Clone the Repository

git clone https://github.com/sztaroszta/SplitXL.git
cd SplitXL 

Install Dependencies

You can install the required dependency using pip:

pip install -r requirements.txt

Alternatively, install the dependency manually:

pip install openpyxl

Usage

1. Run the application:

python excel_splitter.py
  1. Follow the GUI Prompts:

    • Select Input File: A dialog will ask you to choose the .xlsx file you want to split.
    • Select Output Directory: Choose a folder where the new, smaller files will be saved. It defaults to the input file's location.
    • Choose Processing Method: You will be prompted to select between an "Optimized" (recommended for speed) and "Standard" cell copying method.
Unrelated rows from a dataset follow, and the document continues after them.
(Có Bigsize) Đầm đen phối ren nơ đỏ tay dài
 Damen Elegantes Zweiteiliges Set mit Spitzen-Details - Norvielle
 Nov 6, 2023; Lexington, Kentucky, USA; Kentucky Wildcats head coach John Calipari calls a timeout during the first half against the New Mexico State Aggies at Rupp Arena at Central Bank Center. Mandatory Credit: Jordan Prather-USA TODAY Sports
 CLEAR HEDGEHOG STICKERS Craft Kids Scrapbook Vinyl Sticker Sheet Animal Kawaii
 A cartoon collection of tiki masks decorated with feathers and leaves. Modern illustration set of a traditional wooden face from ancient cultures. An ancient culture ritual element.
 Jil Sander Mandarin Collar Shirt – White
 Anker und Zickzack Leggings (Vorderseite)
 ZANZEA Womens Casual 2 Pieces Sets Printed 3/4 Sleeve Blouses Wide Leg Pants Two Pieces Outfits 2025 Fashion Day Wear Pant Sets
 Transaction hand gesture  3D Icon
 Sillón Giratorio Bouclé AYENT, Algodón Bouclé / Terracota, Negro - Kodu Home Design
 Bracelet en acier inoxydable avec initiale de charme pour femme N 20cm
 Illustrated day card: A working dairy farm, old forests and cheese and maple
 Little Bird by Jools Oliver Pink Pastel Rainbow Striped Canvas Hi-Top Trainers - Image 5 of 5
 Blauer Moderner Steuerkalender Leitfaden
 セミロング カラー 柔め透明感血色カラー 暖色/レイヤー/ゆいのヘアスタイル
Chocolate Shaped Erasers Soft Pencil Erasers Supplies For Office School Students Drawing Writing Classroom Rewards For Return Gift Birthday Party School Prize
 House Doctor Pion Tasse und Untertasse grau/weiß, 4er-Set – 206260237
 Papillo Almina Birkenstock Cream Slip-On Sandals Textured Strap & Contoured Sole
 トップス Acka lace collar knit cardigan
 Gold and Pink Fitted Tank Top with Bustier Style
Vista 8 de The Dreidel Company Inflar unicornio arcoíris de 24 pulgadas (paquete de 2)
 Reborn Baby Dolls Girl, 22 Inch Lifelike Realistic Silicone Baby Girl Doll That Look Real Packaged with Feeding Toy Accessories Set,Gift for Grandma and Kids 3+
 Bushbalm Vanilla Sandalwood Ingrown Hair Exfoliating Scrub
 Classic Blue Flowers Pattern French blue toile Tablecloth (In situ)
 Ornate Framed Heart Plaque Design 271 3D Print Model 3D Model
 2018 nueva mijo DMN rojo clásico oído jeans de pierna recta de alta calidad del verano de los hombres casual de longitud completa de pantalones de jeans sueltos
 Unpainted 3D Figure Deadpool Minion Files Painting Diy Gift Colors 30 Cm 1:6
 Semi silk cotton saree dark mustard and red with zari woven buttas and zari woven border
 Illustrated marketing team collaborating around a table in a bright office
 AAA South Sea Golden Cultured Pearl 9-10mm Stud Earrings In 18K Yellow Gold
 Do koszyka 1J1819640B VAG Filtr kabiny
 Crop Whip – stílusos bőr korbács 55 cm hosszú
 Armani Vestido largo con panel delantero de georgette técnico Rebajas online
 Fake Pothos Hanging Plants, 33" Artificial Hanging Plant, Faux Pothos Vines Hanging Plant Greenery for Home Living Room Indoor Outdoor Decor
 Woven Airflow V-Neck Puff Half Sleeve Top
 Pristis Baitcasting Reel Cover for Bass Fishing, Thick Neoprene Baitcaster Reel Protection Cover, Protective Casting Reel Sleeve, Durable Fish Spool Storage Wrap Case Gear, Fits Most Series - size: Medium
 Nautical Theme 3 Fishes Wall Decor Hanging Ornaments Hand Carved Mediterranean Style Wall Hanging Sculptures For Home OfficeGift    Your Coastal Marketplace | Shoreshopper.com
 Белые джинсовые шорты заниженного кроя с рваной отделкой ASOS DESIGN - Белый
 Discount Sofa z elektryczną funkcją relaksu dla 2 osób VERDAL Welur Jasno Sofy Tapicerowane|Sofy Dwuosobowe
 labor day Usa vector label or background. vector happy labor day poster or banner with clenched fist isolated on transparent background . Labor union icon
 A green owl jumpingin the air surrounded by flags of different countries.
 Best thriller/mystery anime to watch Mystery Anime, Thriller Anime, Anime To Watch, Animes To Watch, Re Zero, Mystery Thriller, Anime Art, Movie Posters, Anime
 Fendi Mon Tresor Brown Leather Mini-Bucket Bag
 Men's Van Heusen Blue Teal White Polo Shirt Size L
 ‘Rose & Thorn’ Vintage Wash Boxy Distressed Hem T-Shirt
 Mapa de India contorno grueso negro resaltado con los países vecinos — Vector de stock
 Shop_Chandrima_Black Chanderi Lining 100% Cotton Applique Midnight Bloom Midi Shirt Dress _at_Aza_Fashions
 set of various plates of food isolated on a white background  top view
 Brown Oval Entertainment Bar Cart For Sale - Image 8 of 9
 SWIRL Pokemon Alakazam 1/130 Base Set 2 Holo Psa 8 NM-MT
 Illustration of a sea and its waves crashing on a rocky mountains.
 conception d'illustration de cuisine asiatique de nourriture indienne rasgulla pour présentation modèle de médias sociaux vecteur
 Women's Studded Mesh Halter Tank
    Select Processing Method

    • Configure Rows: Enter the number of data rows you want in each chunk and how many header rows from the original file should be repeated at the top of each new file.

    Configure Rows 1
    Configure Rows 2

    • Preserve Formulas: A dialog box will ask if you want to keep formulas or save their calculated values. Choosing 'No' is safer for preventing broken references in the split files.

    Preserve Formulas

  2. Monitor Progress:

    • A progress window will appear, showing the current status and a progress bar. You can click "Cancel" at any time to halt the operation.

    Monitor Progress

  3. Verify Success:

    • Upon completion, a summary dialog will report the outcome (success, cancellation, or error) and the total number of files created.

    Shows the completion summary dialog

    • The split files will be located in your chosen output directory, named with the original filename and the row range they contain (e.g., original_file_rows_2-5001.xlsx).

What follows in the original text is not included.